→ Data for review:
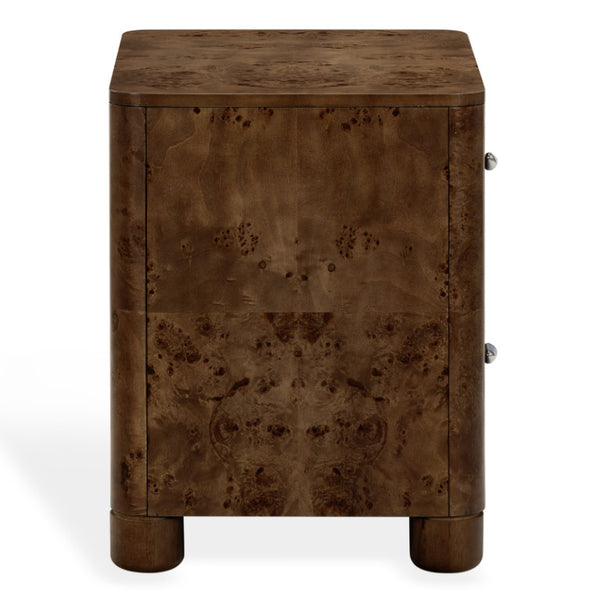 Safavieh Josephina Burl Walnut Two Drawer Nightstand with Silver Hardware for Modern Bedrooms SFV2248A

---

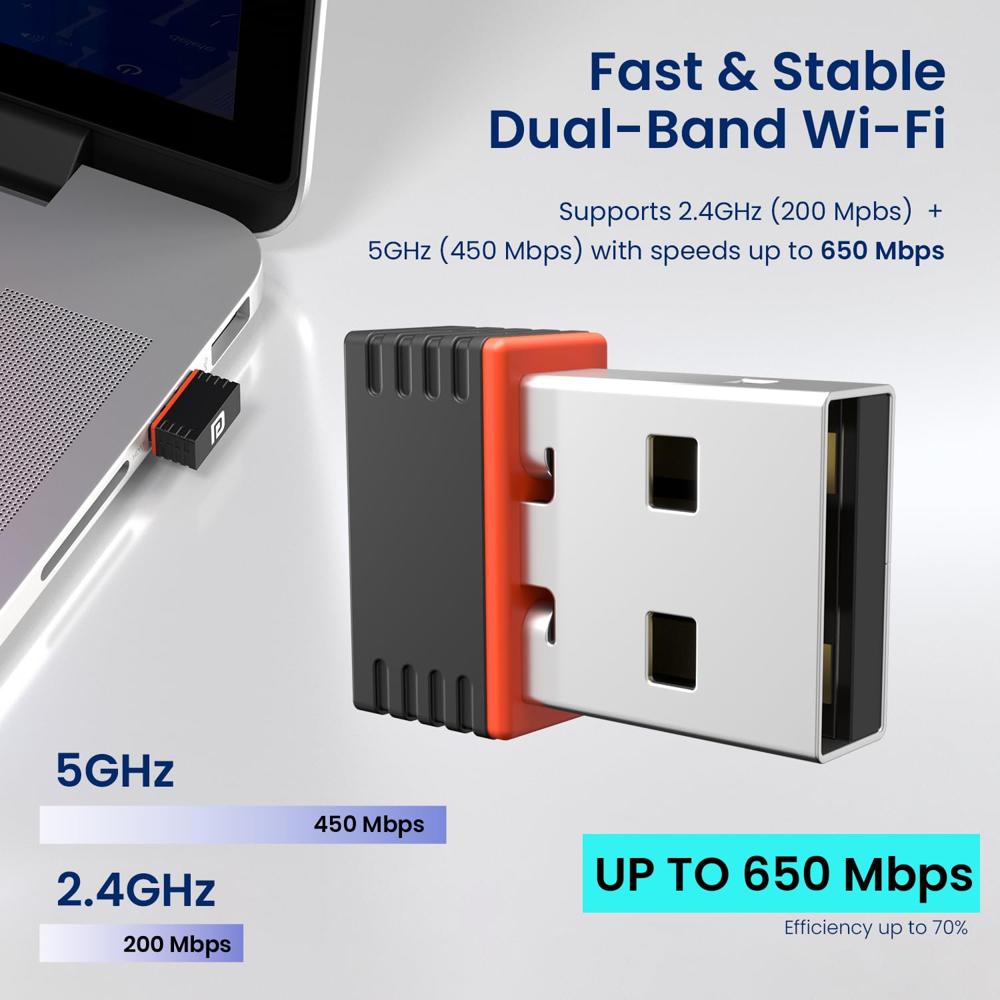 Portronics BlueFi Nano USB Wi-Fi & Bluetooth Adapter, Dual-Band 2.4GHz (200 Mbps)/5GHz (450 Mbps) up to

---

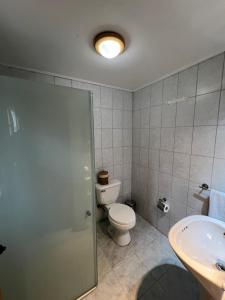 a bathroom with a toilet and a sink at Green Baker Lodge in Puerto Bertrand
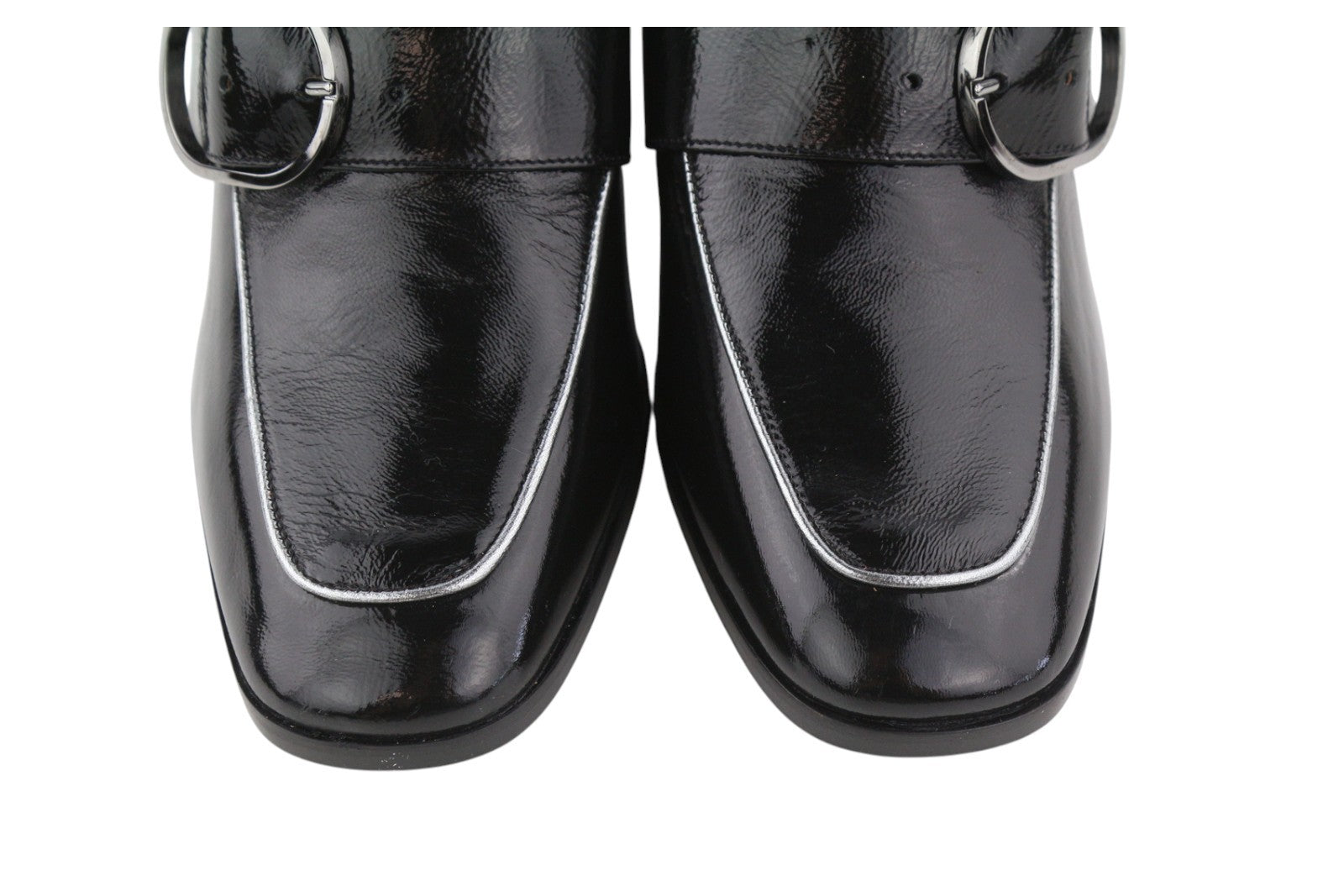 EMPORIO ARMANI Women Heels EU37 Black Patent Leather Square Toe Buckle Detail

→ Your instructions: Working from the records above, set down word for word everything from the line containing "a bathroom with" down to the line containing "EMPORIO ARMANI Women", ends included, minus the pictures.

→ Task answer:
 a bathroom with a toilet and a sink at Green Baker Lodge in Puerto Bertrand
 EMPORIO ARMANI Women Heels EU37 Black Patent Leather Square Toe Buckle Detail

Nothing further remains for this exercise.